EXTRACTED RECORDS:
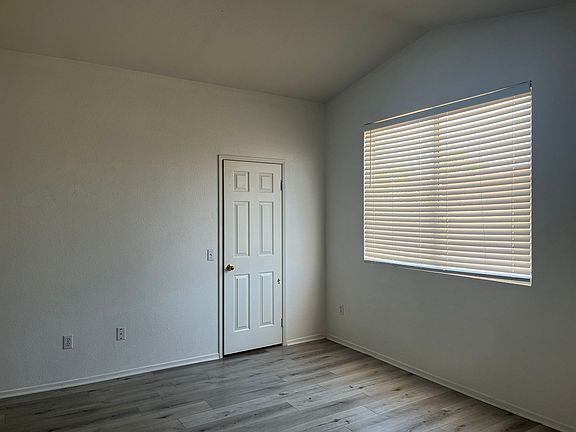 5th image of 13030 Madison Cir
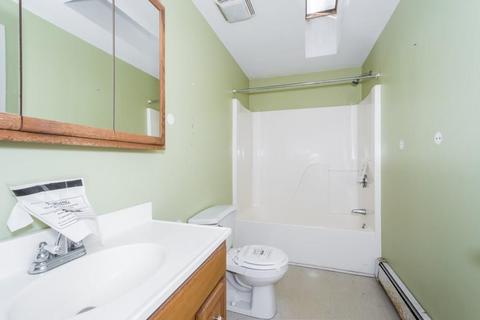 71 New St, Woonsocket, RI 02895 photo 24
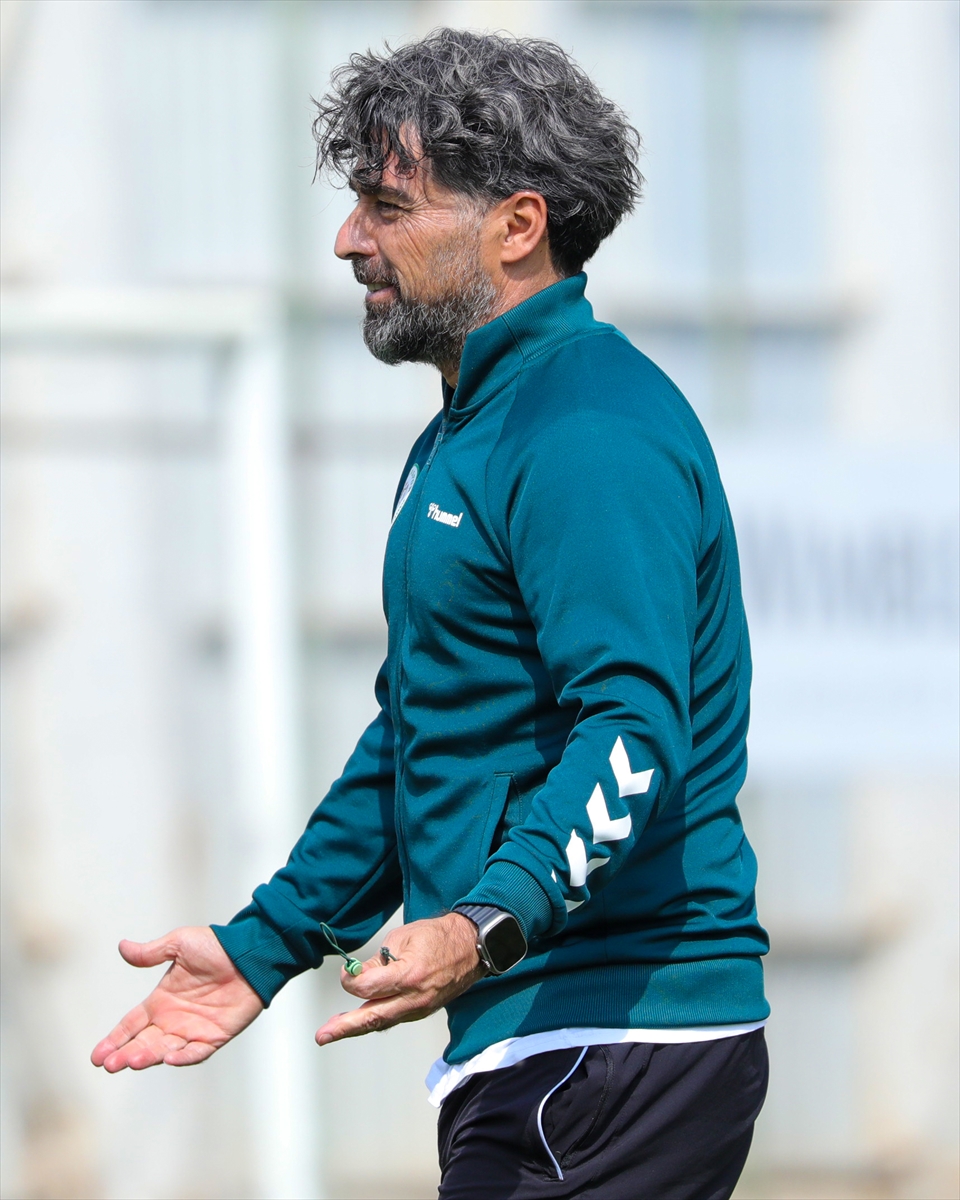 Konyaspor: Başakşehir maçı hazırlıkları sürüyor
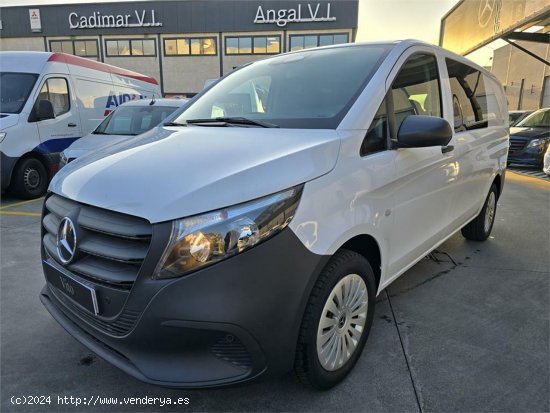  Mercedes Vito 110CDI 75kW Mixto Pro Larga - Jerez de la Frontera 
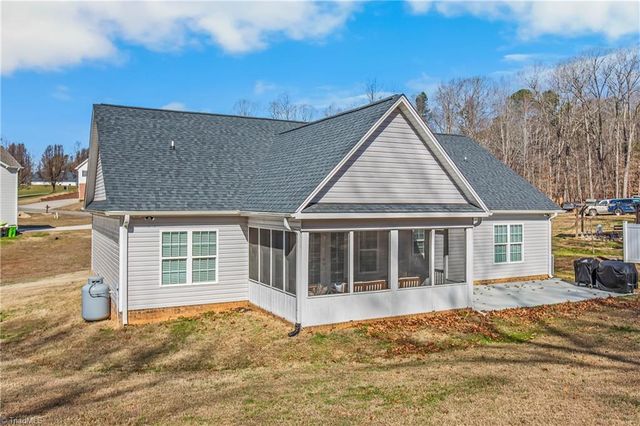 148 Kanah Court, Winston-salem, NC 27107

HOW TO COMPLETE THIS TASK:
Only the lines from the one containing "Konyaspor: Başakşehir maçı" to the end of the listing belong in the answer, exactly as they stand and with no pictures.

ANSWER TO THE PROBLEM:
 Konyaspor: Başakşehir maçı hazırlıkları sürüyor
  Mercedes Vito 110CDI 75kW Mixto Pro Larga - Jerez de la Frontera 
 148 Kanah Court, Winston-salem, NC 27107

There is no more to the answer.